## Try it
Return the records as they stand. No picture is to be included.

[The data — start]

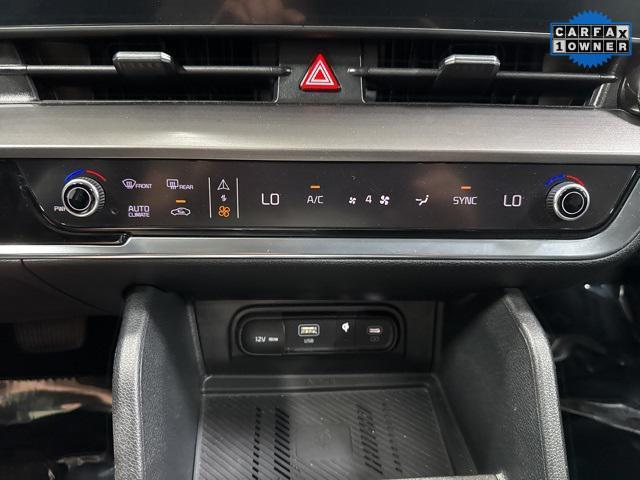 Photo of 2023 Sapphire Blue Kia Sportage
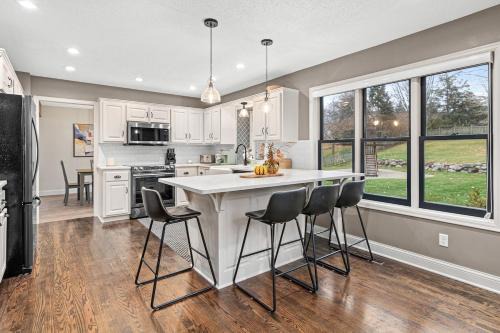 Chanhassen Apartment | home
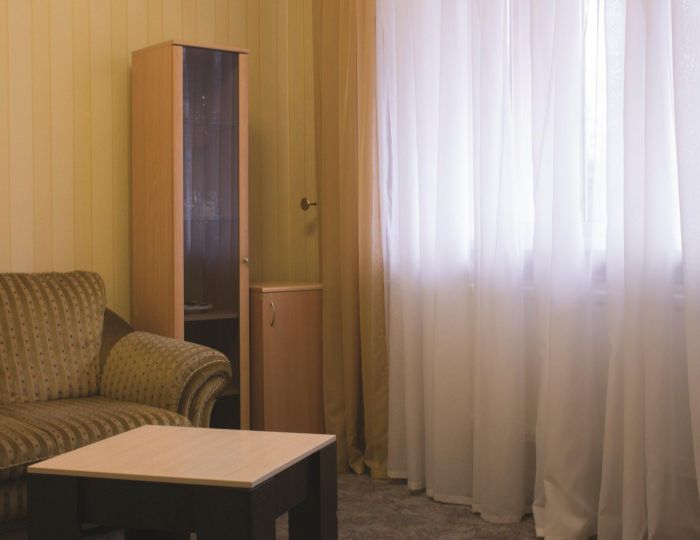 2-комнатный номер люкс с 1 двуспальной кроватью - Отель «Маски» Петрозаводск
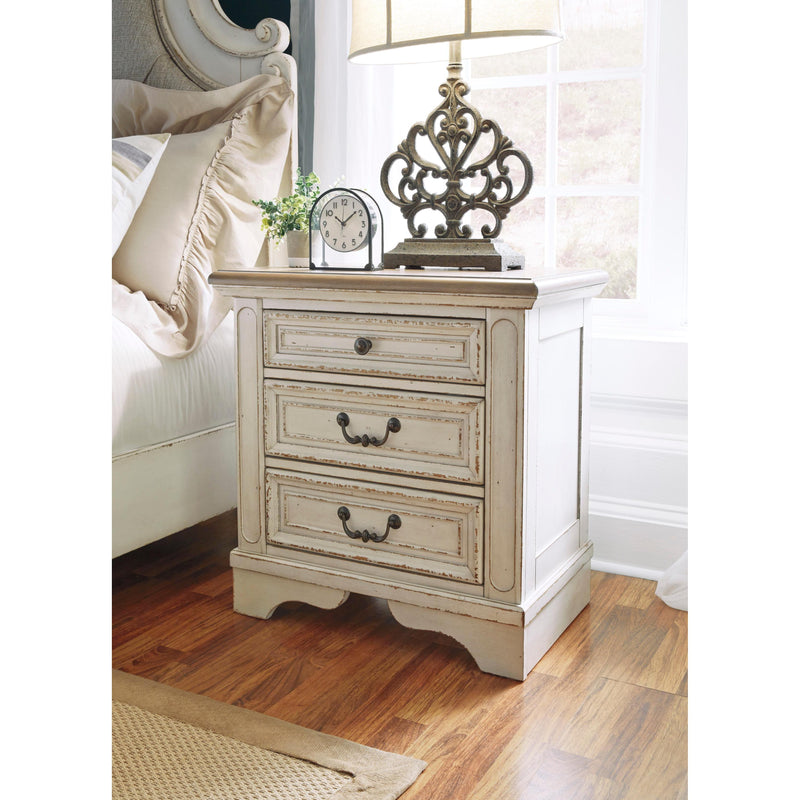  Signature Design by Ashley Realyn B743B61 8 pc Queen Upholstered Panel Bedroom Set IMAGE 4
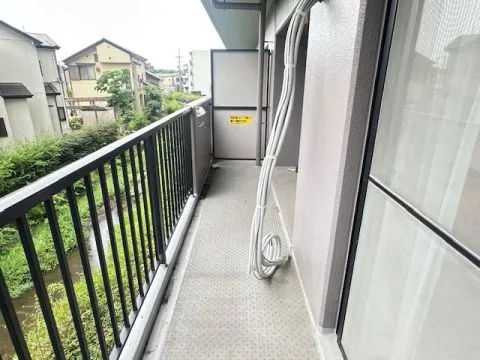 南面のバルコニーです。リビングを明るく照らしてくれる窓が2つあります。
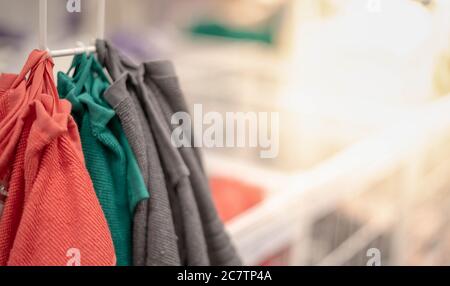 Molti asciugamani colorati appesi al chiosco nel supermercato. Per il cliente scegliere di utilizzare all'interno della casa, mostrare il colore con l'interio decorare Foto Stock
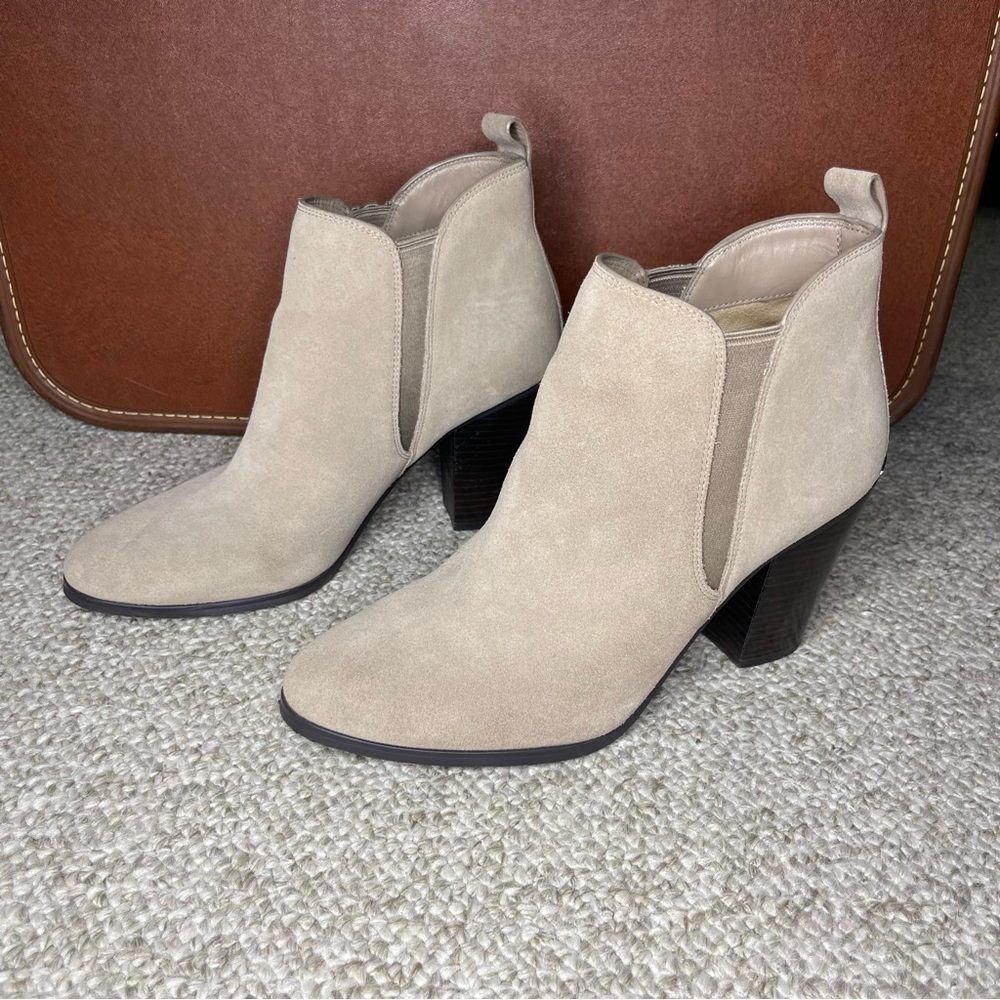Michael Kors leather ankle boots - Picture 2 of 15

[The data — finish]

## Result for this task
 Photo of 2023 Sapphire Blue Kia Sportage
 Chanhassen Apartment | home
 2-комнатный номер люкс с 1 двуспальной кроватью - Отель «Маски» Петрозаводск
  Signature Design by Ashley Realyn B743B61 8 pc Queen Upholstered Panel Bedroom Set IMAGE 4
 南面のバルコニーです。リビングを明るく照らしてくれる窓が2つあります。
 Molti asciugamani colorati appesi al chiosco nel supermercato. Per il cliente scegliere di utilizzare all'interno della casa, mostrare il colore con l'interio decorare Foto Stock
Michael Kors leather ankle boots - Picture 2 of 15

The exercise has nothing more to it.